I am imagining ensemble_size as more than a bare integer, even if the user API initially accepts an integer. Internally, it would be useful to represent the ensemble settings as a small control object.

At minimum, this object should capture:

n: number of prompt variants to use per condition or chapter.
method: whether prompts are sampled randomly, cycled deterministically, or exhaustively enumerated.
replace: whether prompt variants may repeat.
weights: optional prompt weights if some variants are meant to count more.
pooling: whether outputs are averaged at the response level, condition mean level, or effect level.
seed: a seed strategy for reproducibility.

Conceptually:

ensemble_size <- list(
  n = 8L,
  method = "sample",
  replace = TRUE,
  weights = NULL,
  pooling = "effect",
  seed = 42L
)

For an early implementation, it would be enough to let users pass ensemble_size = 1, 4, or 8, while storing the richer object internally. That would keep the public API simple but leave room to expand.

`demographic_profiles`

The demographic_profiles object should represent either a fixed set of profiles or a sampling frame from which profiles are drawn. This is important because the papers do not only vary wording; they also vary the participant being simulated (Hewitt et al. 2024a).

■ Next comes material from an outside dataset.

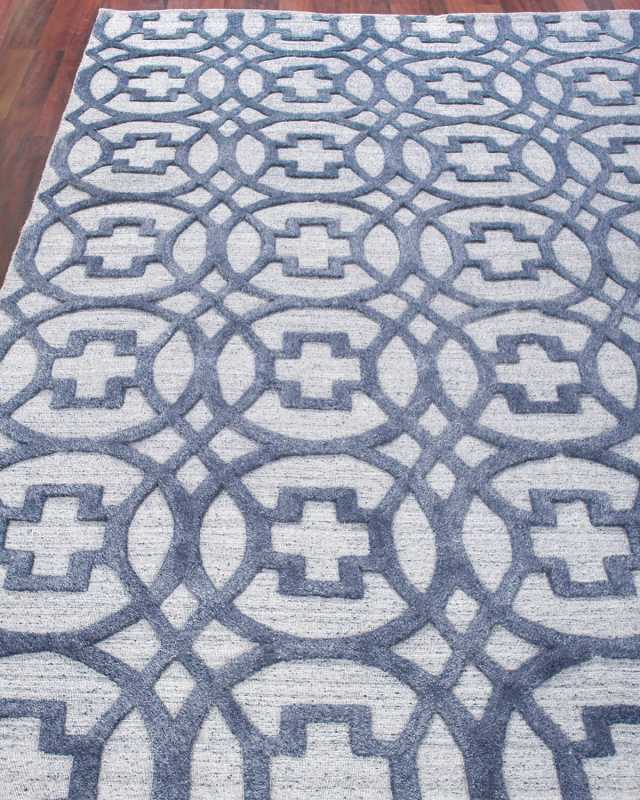 Belmar Circles Hand-Knotted Rug, 12' x 15'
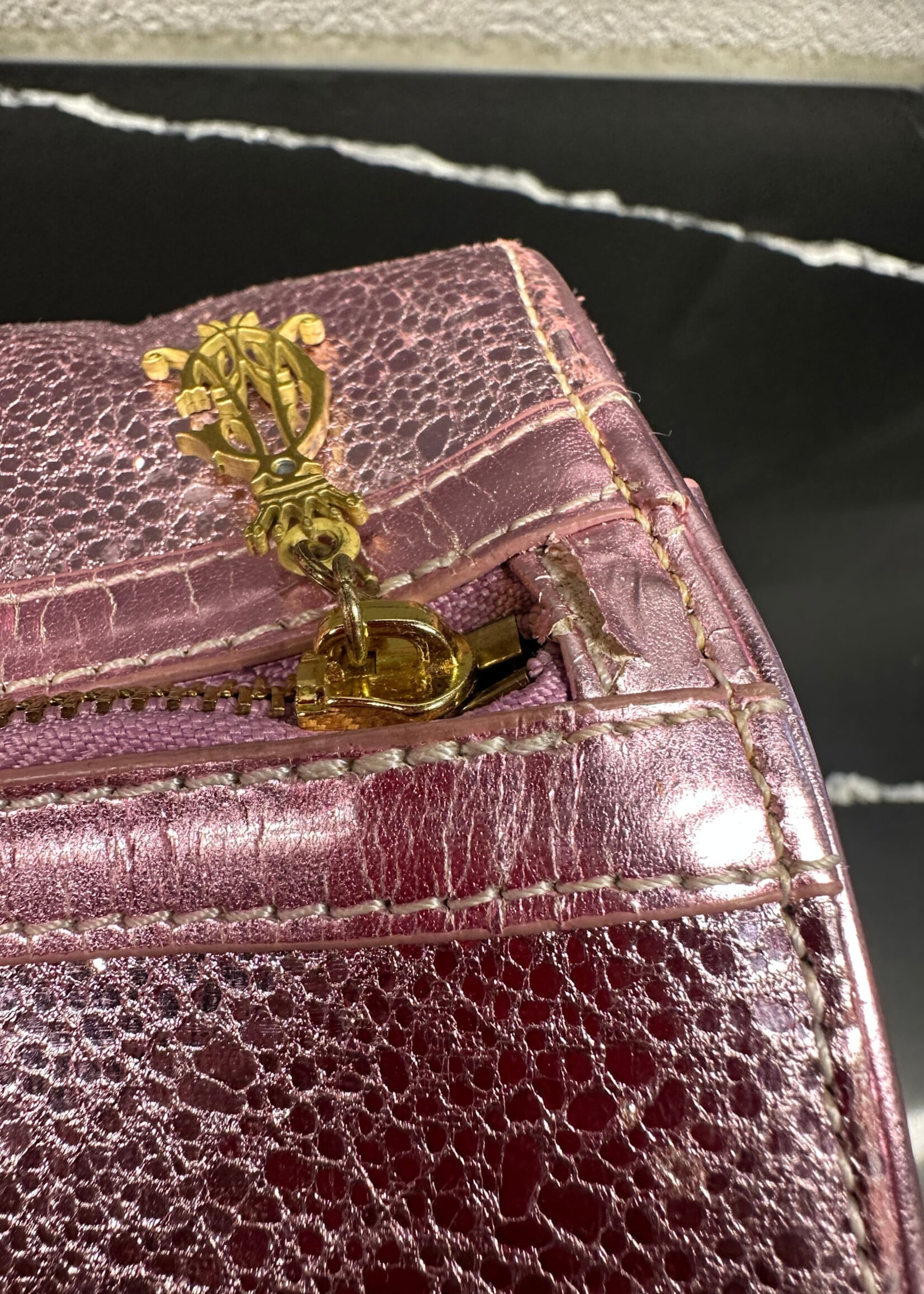 Christian Audigier Y2K Pink Keepall Duffle As Is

At minimum, each profile should be able to store:

profile_id
gender
age
ethnicity
education
ideology
party
weight
label

Conceptually:

demographic_profiles <- tibble::tibble(
  profile_id = c("p1", "p2"),
  gender = c("Female", "Male"),
  age = c("30-39", "Over 60"),
  ethnicity = c("White", "Black"),
  education = c("College", "Some college"),
  ideology = c("Conservative", "Moderate"),
  party = c("Strong Republican", "Lean Democrat"),
  weight = c(0.5, 0.5),
  label = c("profile_1", "profile_2")
)

For nalanda, this object could support at least three modes:

Identity-only mode, close to the current package design.
Fixed-profile mode, for exact reproducibility with a specified profile set.
Weighted-sampling mode, for approximating a target population.

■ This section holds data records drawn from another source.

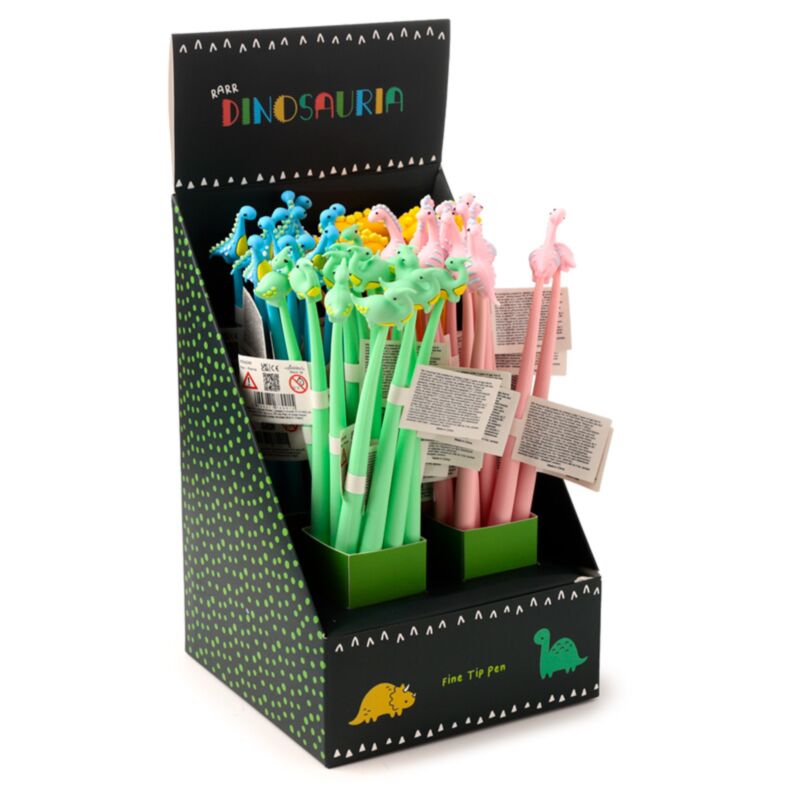 Dinosauria jr fineliner pen - sort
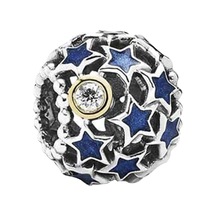 Nur Silver Starry Night Gümüş Charm Nur-bl00084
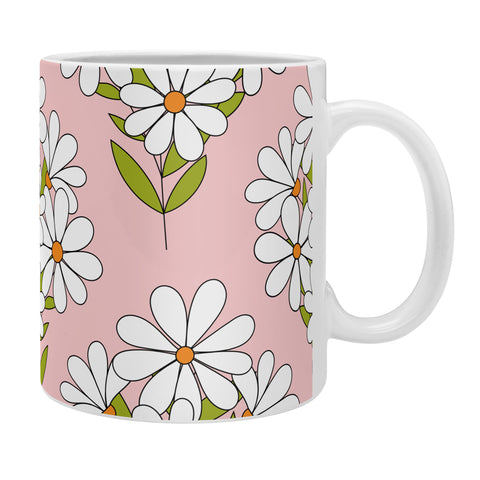 Jenean Morrison Daisy Bouquet Pink Coffee Mug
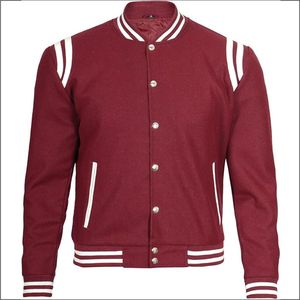Chaqueta Varsity Personalizable para Hombre de Alta Calidad con Bordado Chenille, Mangas de Cuero, Chaqueta de Invierno de Moda con Logotipo Frontal y Cuello en V - Product Image 1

For chapter work, the immediate value may be greatest for party or ideology, with richer demographic fields becoming more important when studying subgroup heterogeneity or matching a target population.

Proposed next steps

If the goal is to move one small piece at a time, my current order of work would be:

implement a prompt_bank constructor and prompt-building helpers,
expose ensemble controls in a minimal but explicit form,
design a condition-based simulation wrapper around the existing one-turn execution logic,
add summary functions that return raw and optional adjusted package-native metrics,
add a small calibration helper for user-supplied effect columns,
add demographic profile objects and sampling helpers,
revisit cumulative chapter designs after the first three pieces are stable.

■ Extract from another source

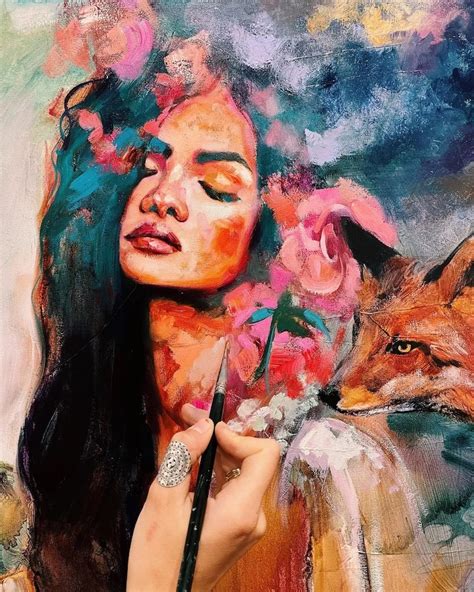 Artist’s ‘Abstract Realism’ Paintings Capture the Wild Bond Between Women and Animals | My ...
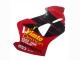 Billige Honda VFR 800 Motorrad Verkleidung 1998-2001 - Rot Weiss Glanzendes Schwarz Vimto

The main reason for this order is that prompt standardization and package-native summaries are useful immediately for the existing chapter workflow, whereas population-matched demographic simulation and cumulative exposure are likely to require more validation work.

References

Hewitt, Luke, Ashwini Ashokkumar, Isaias Ghezae, and Robb Willer. 2024a. Predicting Results of Social Science Experiments Using Large Language Models. August.

Hewitt, Luke, Ashwini Ashokkumar, Isaias Ghezae, and Robb Willer. 2024b. Supplementary Information for “Predicting Results of Social Science Experiments Using Large Language Models”. August.